The north-south split is already pretty clear, but it becomes even clearer when you go to the extremes of the league table. Here are the 10 cities which grew the most in those 32 years:
Not coincidentally, four of these cities – Telford, Northampton, Peterborough, and Milton Keynes – are “new towns”, designated by the governments of the 1960s as areas of growth. The largest of these has grown so much faster than the others that its lead on this measure is effectively uncontested.
Milton Keynes, the giant new town in Buckinghamshire, has only existed since 1967. In less than 50 years, it’s grown to become a fair sized city, with a population of 256,000, and between 1981 and 2013 the number of people who lived there grew by 103 per cent. The second fastest growing city over that period was Swindon: that grew by just 41 per cent.

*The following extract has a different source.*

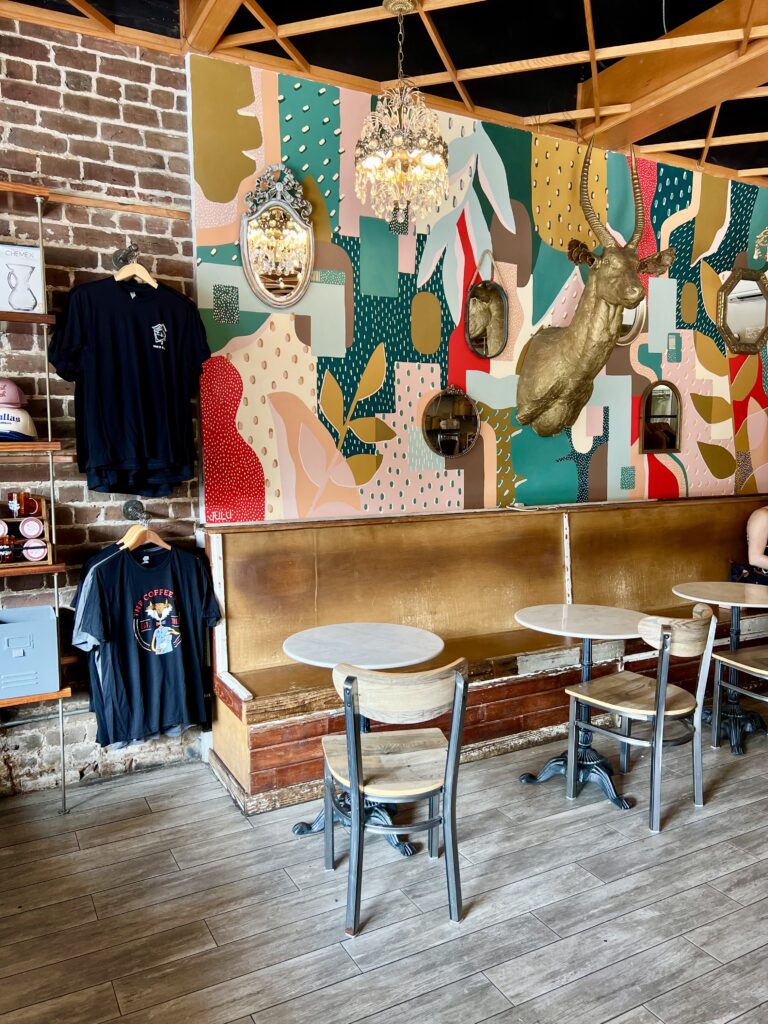 interior of the coffee fox cafes in savannah ga with small tables and bold decor including a gold deer bust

Anyway, we’re getting off topic here. The main point to notice is that only one of Britain’s boom towns is above the line from the Bristol Channel to the Wash: that’s Telford, in the Midlands. All of the others are pretty comfortably within London’s orbit.
Now check out the bottom 10, all of which have shrunk. (Just FYI, every other city on this list has grown.)
Two in Scotland, eight in the north, and basically all of them once famous for heavy industry – docking, shipbuilding, manufacturing. This is economic change, making itself known through demographics.
In the name of completism, here’s one last map. This one is absolute, rather than relative, changes in population.
The individual cities at either end of the map are different (for obvious reasons, larger cities are more prone to numerically large changes in population). The north south divide, though, still very clearly holds.
These maps show a third of a century’s worth of change. It’s an entire generation, including three recessions and three booms.
So in the weeks to come we’ll be breaking this down a bit – to see whether the story changes at all when you look at shorter time periods. You lucky people.